謎の学術「プラットフォーム学」を始める京都大学、求む「世界でかませる人」

2021年03月26日 21時00分更新

日本の5G標準必須特許は全体で10%に満たない

── 日本の競争力についてどう考えられていますか?

 いまITの世界では他国製のクラウド・通信ネットワークが台頭していて、ここに日本の出番はありません。私の専門は通信なので、携帯電話の話をすると、5Gの必須特許のうち日本が保有するものの比率は、全社合わせても10%に足りません。残りの9割はすべて海外の企業が持っています。つまり、5Gをいくら売っても、特許料の9割は海外に行くという困った構図です。

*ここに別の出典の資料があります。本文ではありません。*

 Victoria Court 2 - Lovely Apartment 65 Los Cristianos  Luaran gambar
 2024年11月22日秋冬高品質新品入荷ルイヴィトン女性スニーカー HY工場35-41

2月に発表されたドイツのIPlyticsの調査によると、ETSIに報告された5G関連の標準必須特許(5G-SEP)の申請数はファーウェイ、クアルコム、ZTE、サムスン、ノキアの順に多い。

 クラウドも同様です。現在はアメリカに加えて、中国が台頭しています。

 それを打破するためには、日本オリジナルの要素や社会的な価値観(倫理性や公正性、集団としての意志の決定メカニズム)をプラットフォームに反映して実装していく必要があると考えています。そうしないと、他国のやり方に合わせるだけとなり、自国の事情に合ったカスタマイズができません。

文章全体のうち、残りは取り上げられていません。